The most challenging thing about this moment is that our homes aren’t used to holding space for so many facets of our lives. Suddenly, my room has become the center of everything—where I recharge, dance, work, sleep, cry, laugh, and pray. My windows have become the main source of my daily vitamin D intake. My floors carry the weight of my exercise, laziness, clarity, and lack of focus. Today, we are asking so much of our homes. And while I am lucky to live with someone I feel comfortable around, I understand there are challenging situations where this is not the case.
As someone who is religious and spiritual 365 days a year, my routines and rituals haven’t changed too drastically from what they were prior to Ramadan. But, in the Muslim community, we often talk about how Ramadan can be a time to introduce new habits to our lives. For me, prayer and spending time with the Quran is something I can always improve on. After all, just because I am engaging in daily prayer doesn’t mean that I’m always 100 percent grounded in the present. This moment in time has put this ritual to the test.

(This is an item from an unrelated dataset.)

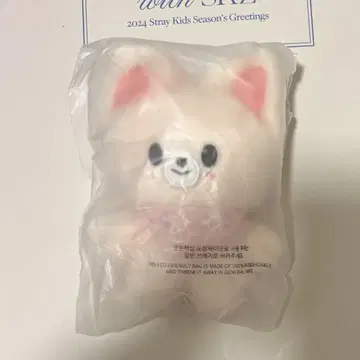 스키즈 아이엔 트레이딩 카드 펜미 도서 10cm 봉제 인형 skzoo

I pray five times a day, and my prayer breaks offer a bit of respite from the workday and the chaos of the world. I’ve realized this is what prayer was intended for in the Islamic tradition: It is a practice that helps us remember that no matter how important we think the tasks that fill up our days may be—pouring over our to-do lists, anxiously checking our bank account balances, or dealing with an overflowing email inbox—anything can wait for a few minutes in the name of re-centering.

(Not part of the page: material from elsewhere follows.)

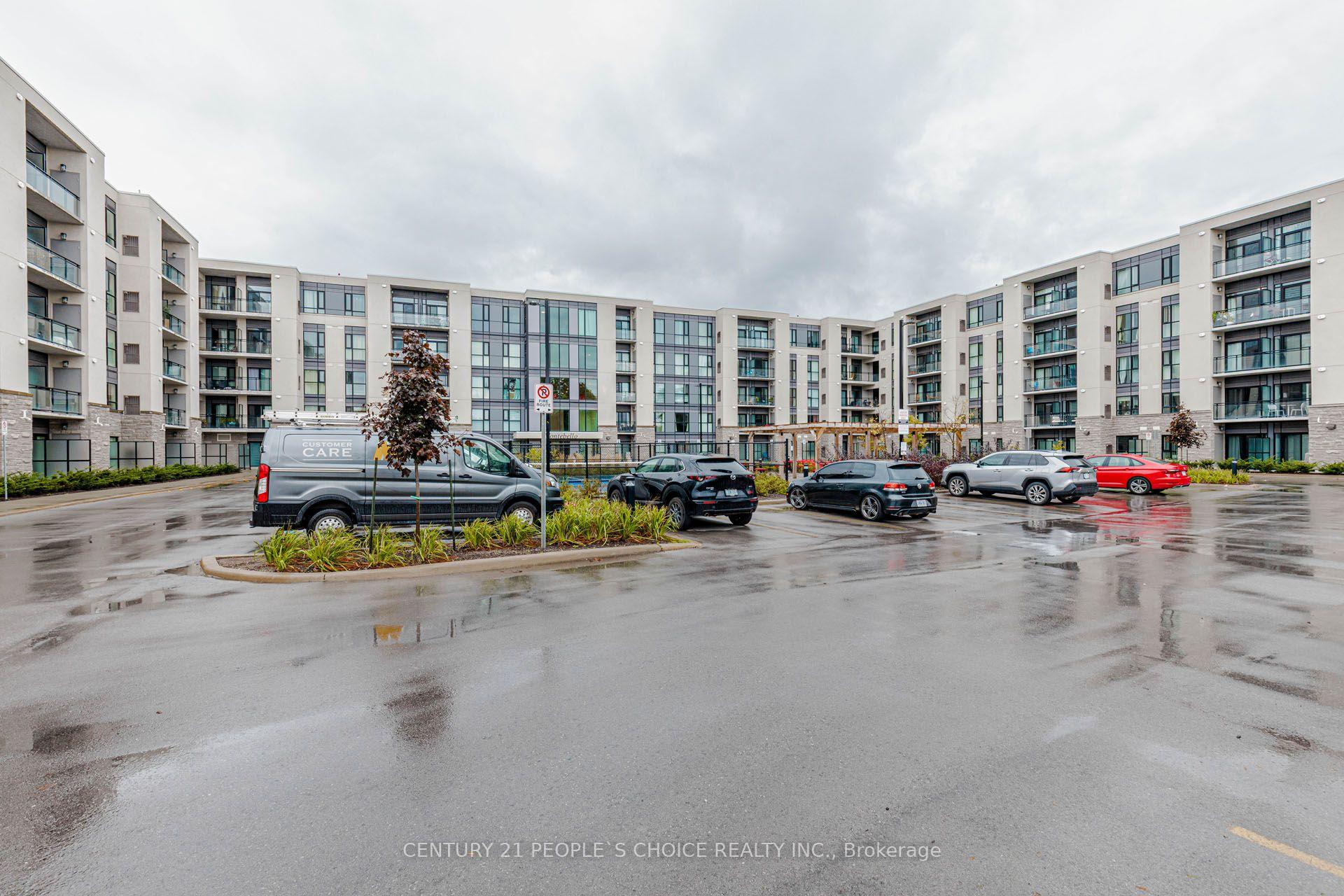 Photo of Unit 206, 50 Herrick Avenue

As I observe the growing uncertainty around the world, my relationship to prayer and the realizations I’ve had about prayer, offer me much needed solace. This Ramadan is one for the books; it is a time I know I will look back on in the future when things feel overwhelming and uncertain, as they inevitably will. In those moments, I’ll think back to the time I sheltered in place in my small Brooklyn apartment as the world spun in turmoil, and found refuge in moments of prayer that made the world stand still.